Inconformado com esta decisão, dela recorre o arguido B.........., retirando da respectiva motivação as seguintes conclusões: 1 - O recorrente não se conforma com a sentença proferida nos presentes autos e entende que a mesma se acha enferma de várias nulidades e vícios. São eles os seguintes: a) a nulidade da sentença, nos termos do art. 379º, nº 1, al. b), com referência ao disposto no art. 358º; b) a nulidade da sentença, ainda, por inobservância da fundamentação devida nos termos do art. 374º, nº 2 do CPP; c) a nulidade da sentença decorrente da falta de explicitação da não valoração de alguns meios de prova; d) vícios da sentença, que decorrem do texto da própria decisão recorrida, resultantes de contradição entre factos provados e entre estes e a sua fundamentação, que consubstanciam erro de julgamento e por isso, determinantes da almejada alteração de alguns pontos da matéria de facto por via da renovação da prova, ou quando não assim, do reenvio do processo para novo julgamento - art.s 410º, nº 2 al. b) e 430º do CPP.

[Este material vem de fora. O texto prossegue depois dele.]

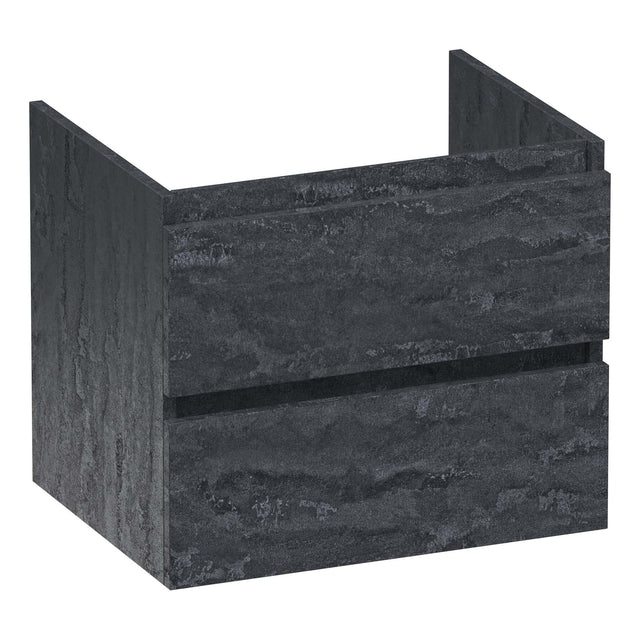 BRAUER Joy onderkast 60 met 2 softclose lades greeploos en 1 sifon uitsparing Damascus OK-JY60DA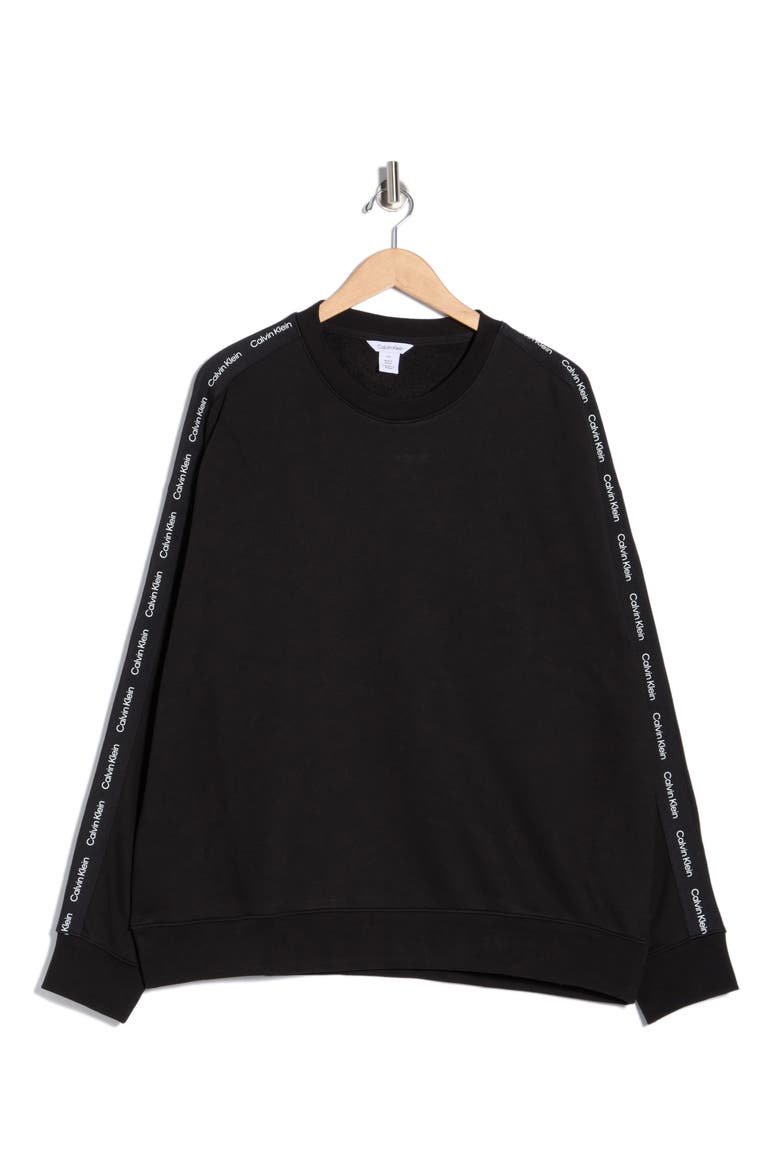 Logo Tape Long Sleeve T-Shirt, Alternate, color, BLACK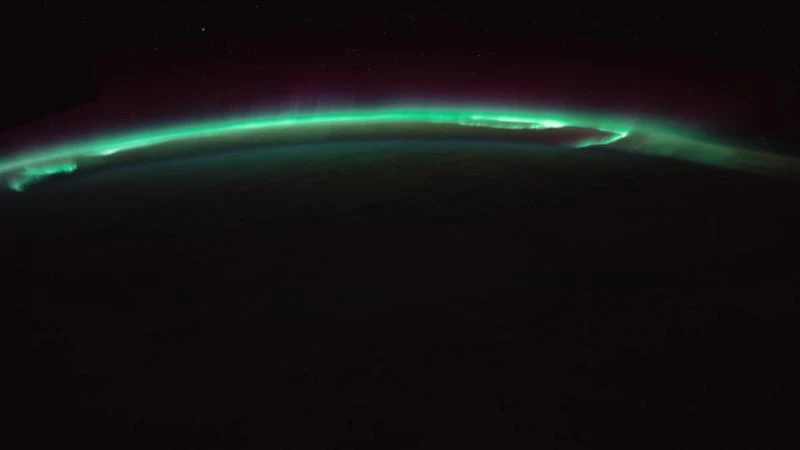 (Özel) Kutup ışıkları uzaydan görüntülendi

2 - O recorrente não se conforma igualmente com as respostas dadas pelo Tribunal a alguns dos pontos da matéria de facto, atinentes à dinâmica do acidente, os quais pretende ver alterados com recurso à gravação dos meios de prova; 3 - Com base nas aludidas gravações pretende o recorrente demonstrar serem contraditórios e inconciliáveis, quando à dinâmica do acidente, alguns dos factos dados como provados e versão credibilizada na sentença, segundo esta, resultado das declarações dos agentes de autoridade; 4 - O recorrente não se conforma também, e pretende ver alterada a redacção da matéria de facto, igualmente com recurso a depoimentos prestados em audiência de julgamento, e com recurso à prova gravada, em relação às faculdades e circunstâncias em que o arguido (aqui recorrente) então se apresentava a conduzir, vertidas nos pontos 5, 8 e 9 dos f.p. e nos artigos 3, 4 e 5 da sua contestação.

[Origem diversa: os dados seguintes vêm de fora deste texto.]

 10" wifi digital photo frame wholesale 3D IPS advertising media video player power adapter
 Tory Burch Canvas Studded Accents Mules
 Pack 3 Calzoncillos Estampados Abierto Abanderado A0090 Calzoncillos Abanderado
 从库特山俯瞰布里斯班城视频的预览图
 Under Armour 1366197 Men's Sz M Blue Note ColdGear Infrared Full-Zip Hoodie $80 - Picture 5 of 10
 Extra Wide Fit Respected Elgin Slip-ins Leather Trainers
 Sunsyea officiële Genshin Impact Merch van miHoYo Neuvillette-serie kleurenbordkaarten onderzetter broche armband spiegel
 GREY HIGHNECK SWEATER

5 - Relativamente às nulidades da sentença refere-se o seguinte: • Os pontos 4° e 2° da matéria provada referem que o veículo conduzido pelo arguido embateu com a referida parte lateral direita na traseira do velocípede sem motor. O que significa que tribunal ao dar como provado que o automóvel bateu com a frente na traseira do velocípede, alterou, por isso, o que sobre tal matéria constava da acusação. De acordo com o disposto no art. 1º al. f), a contrario, tal alteração tem-se como não substancial, pelo que nos termos do disposto no art. 358°, n° 1 do CPP, porque tratando-se de matéria com relevo para a decisão da causa, deveria o tribunal oficiosamente comunicar tal alteração ao arguido e conceder-lhe a requerimento seu, o tempo estritamente necessário para a preparação da defesa. A alteração assim feita sem observância daquela regra inquina a sentença de nula, como decorre expressamente do art. 379°, nº 1 al. b) do CPP, nulidade que se argui para os devidos efeito.

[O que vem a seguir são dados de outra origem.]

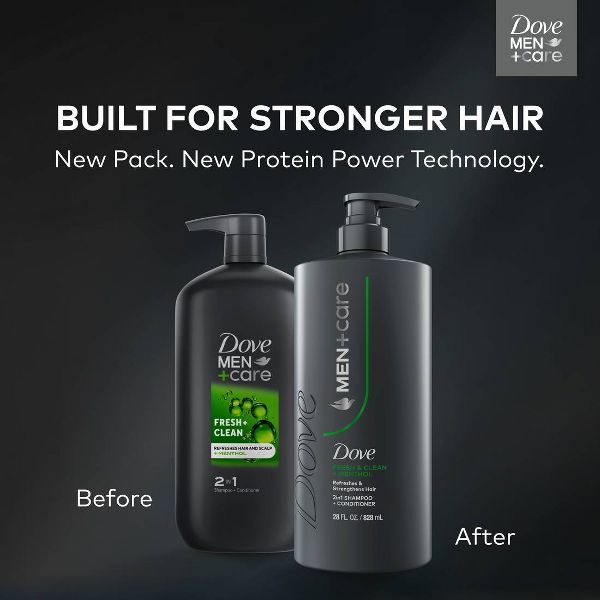 Dove Men+Care 2-in-1 Shampoo & Conditioner - Fresh & Clean - 28oz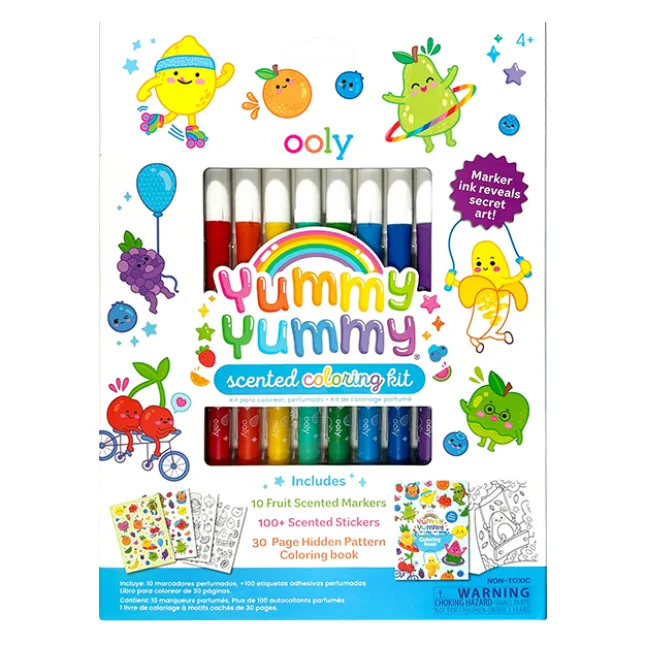 Fat Brain Toy Yummy Yummy Scented Coloring Kit Outlet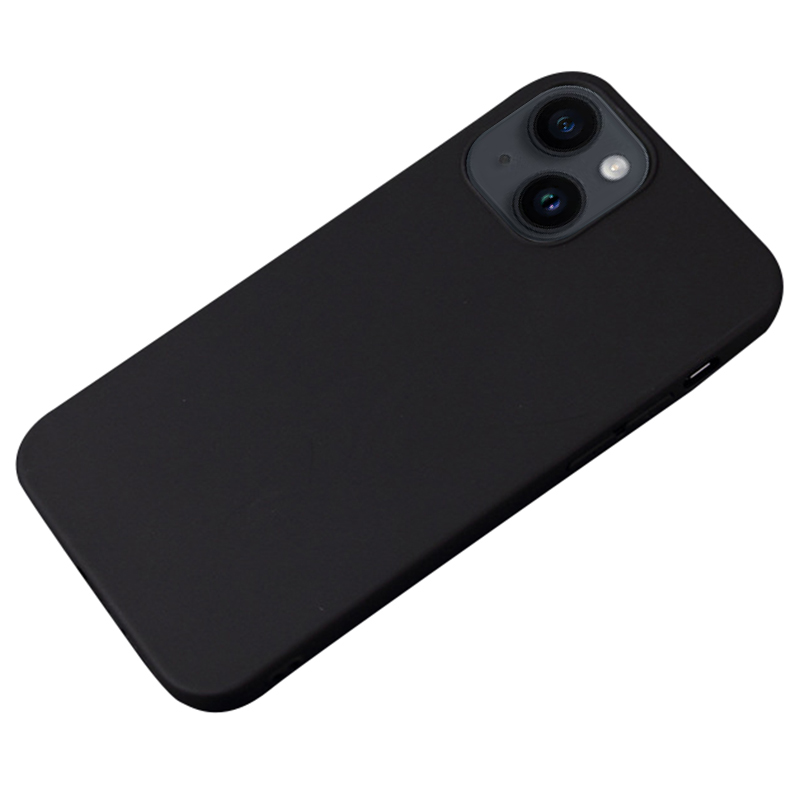 

Für Das Iphone 15 Plus Soft Tpu-telefonhülle Matte Finish Coating Anti-kratzer-rückzugabdeckung - Schwarz, iPhone 15 Plus
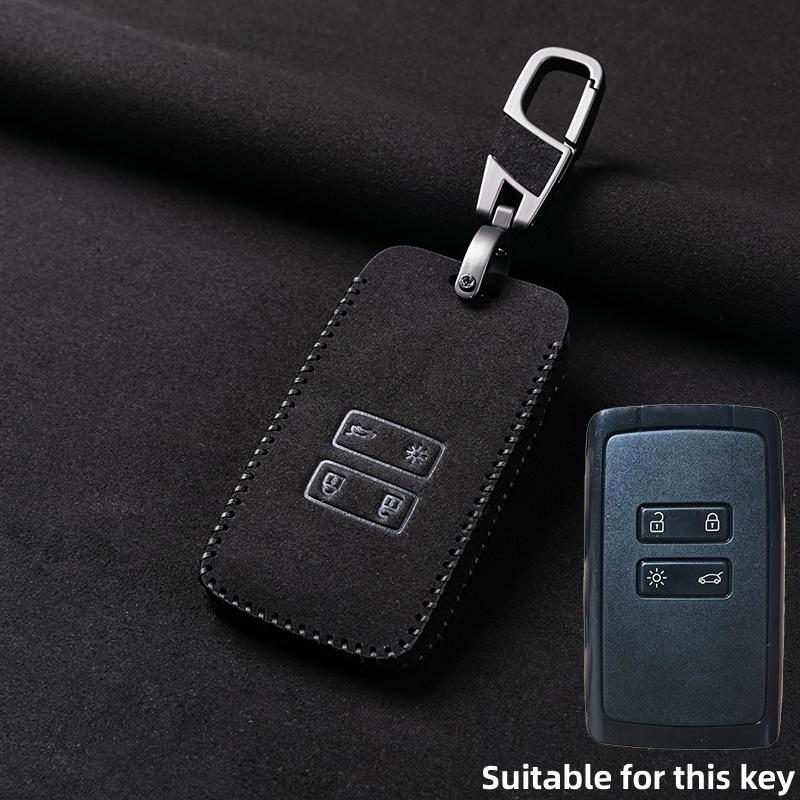 Кожаный чехол для ключа автомобиля для Renault Austral Kadjar Clio Megane Captur Arrana Kolaos Zoe Scenic Dacia Sandero Duster Logan Jogger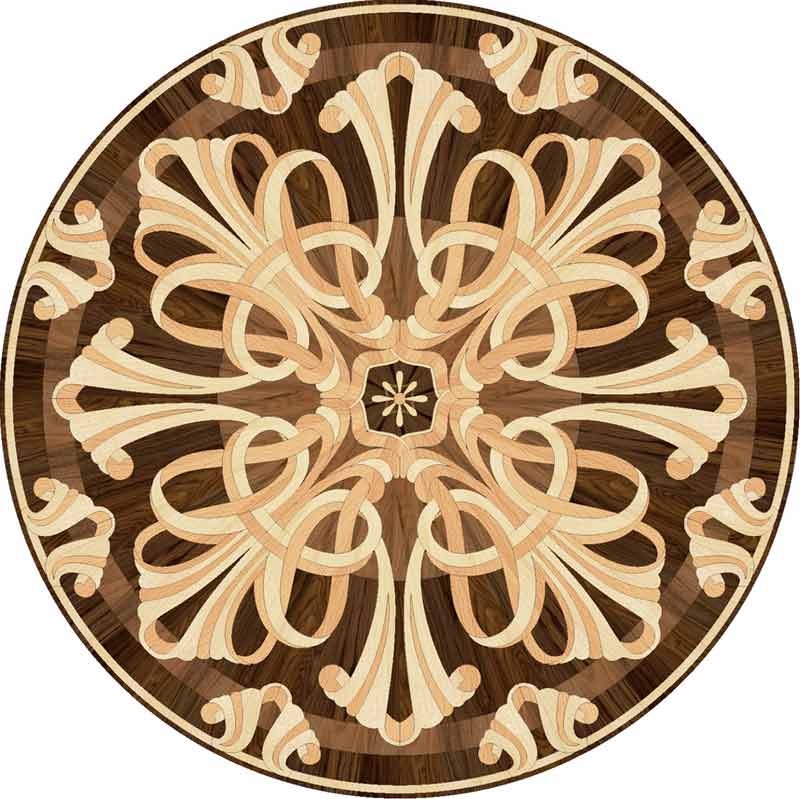Milan Wood Floor Medallion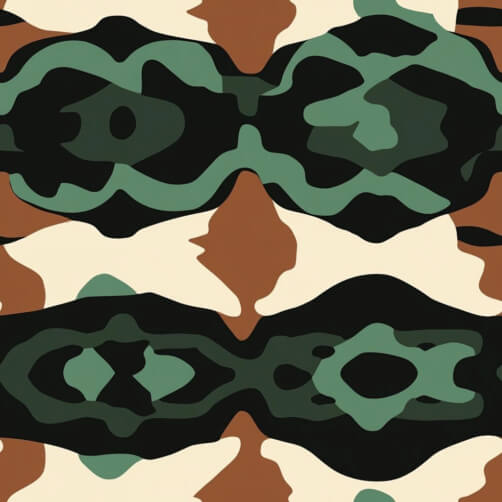 Camouflage Pattern in Green and Brown Camouflage Pattern in Green and Brown thumbnail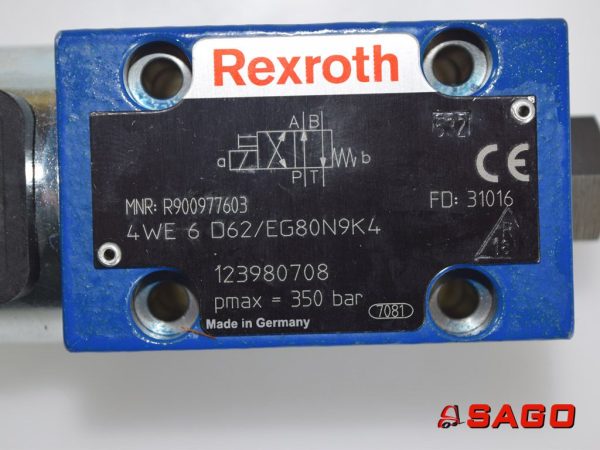 Baumann Elektryczne sterowanie i komponenty - Typ: 241491 Magnet-Wegeventil Rexroth 4WE6D62/EG80N9K4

• Na sentença em crise, entre outros, deu-se como provado que "...o arguido porque seguia sem o devido cuidado e atenção ..." - vide ponto 2 dos f.p. (pág. 2) e, " ... que se ficaram a dever à forma desatenta e inconsiderada ..." - vide ponto 5 dos f.p. Tais expressões não constituem factos mas meras conclusões a extrair de factos donde a mesma se evidencie. Acresce que, em nenhum momento da fundamentação o julgador fez apelo a regras da experiência ou da vida (regras que se impõe pela experiência comum dos homens, ou que sejam decorrência de conhecimentos científicos ou técnicos) por via das quais haja explicado o iter do seu raciocínio lógico, determinante da conclusão a que chegou, a pretexto daquele putativo facto que considerou provado. Assim, não constituindo facto em si mesmo, mas mera conclusão, não só aquela expressão deve ser considerada como não escrita - na medida em que não se trata sequer de facto - como impedido o tribunal de concluir por esse nexo causal, pois que também não decorre da sentença - em especial da motivação da decisão e do exame critico das prova (local onde deveria constar) - o facto ou os factos em que o tribunal se fundou ou ancorou que lhe permitissem extrair essa conclusão. Dito isto, não cumpre o preceituado no art. 374°, n° 2 a sentença, como a que se recorre, que não aludindo a qualquer raciocínio donde se retire que o arguido conduzia de forma descuidada e desatenta nem donde se infira que a TAS foi determinante quer a esse estado quer ao modo como eclodiu o acidente. Padece do vício da nulidade, nos termos do acima apontado art. 379° do CPP.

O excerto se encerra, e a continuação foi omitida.